As an exemplar of positive public response to vaccination, a nationally-financed vaccination program in Australia has led to dramatic reductions in transmission of human papillomavirus (HPV). In women under 21, for example, the number of cases of genital warts dropped 93 percent between 2007 and 2011. The presence of HPV is also an antecedent to such systemic health hazards  as mouth and throat cancers, cervical cancers, and squamous cell carcinoma (skin cancer). The fact that anti-vaccination is even a social faction (a Google search of the term ‘anti-vaccination’ returned 6,340,000 results) shouldn’t make you shake your head in disbelief so much as make you more clearly realize that human behavior is much more messy than simple models portend it to be. Consumer drives word-of-mouth, patient-physician interaction (PPI), and sales. As patently irrational as human behavior can be, the effects it has on market revenue are real.

Ongoing changes within the regulatory landscape worldwide are designed to improve the average overall quality of the medicinal products available to consumers. Because many countries’ regulatory bodies don’t fully share expertise and inspection findings, their opinions and priorities may differ. They also bring a certain set of heuristics based on what concepts are considered most critical within their regulatory regions.  

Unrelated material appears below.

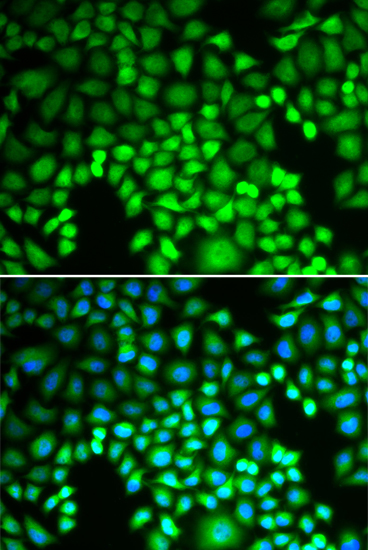 Anti-PSMA4 Antibody (CAB13535)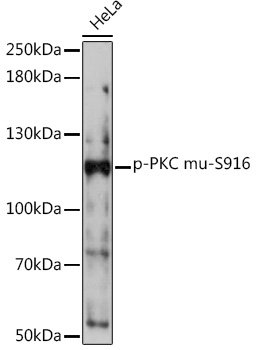 Phospho-PKC mu-S916 Rabbit pAb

However, all regulators today profess commitment to contemporary concepts such as CAPA trending, data integrity, employee training, risk-based methods, and quality by design (QbD), the average bar for the industry continues to advance.

Some regions or sites may remain in the shadows of the regulatory spotlight, but these spaces get smaller every year. It’s a difficult balancing act for the regulatory agencies themselves, because they act on behalf of society.  The pendulum always cycles between a state where new drugs get to market faster but with additional risks of less safety data and surveillance information to guide decision-making, and a more conservative state in which approvals are delayed, slowing the release of important new therapies to the market.

Patient responses also cycle between complaining and litigating,  based on insufficient regulatory oversight and adverse events, and complaining about lack of access to new therapies. Often, patients say that they are willing to tolerate more side effects and adverse events as long as they have the opportunity to try or continue their therapy of choice. It’s up to this industry to see to it that those choices become more effective, and more precisely targeted,  every year.

References

Ariely, D. (2010) Predictably Irrational: The Hidden Forces that Shape our Decisions. New York, NY:Harper Collins, N.Y., N.Y. 2010.

U.S. Centers for Disease Control and Prevention,  Measles Cases and Outbreaks. http://www.cdc.gov/measles/cases-outbreaks.html, 2015

Salganik, M. J., Dodds, P.S., and Watts, D.J.. Experimental Study of Inequality and Unpredictability in an Artificial Cultural Market. Science 311:854–6,  2006.

Ali, H., Donovan, B., et al,  Genital warts in young Australians five years into national human papillomavirus vaccination programme: national surveillance data. The British Medical Journal, 346,  2006.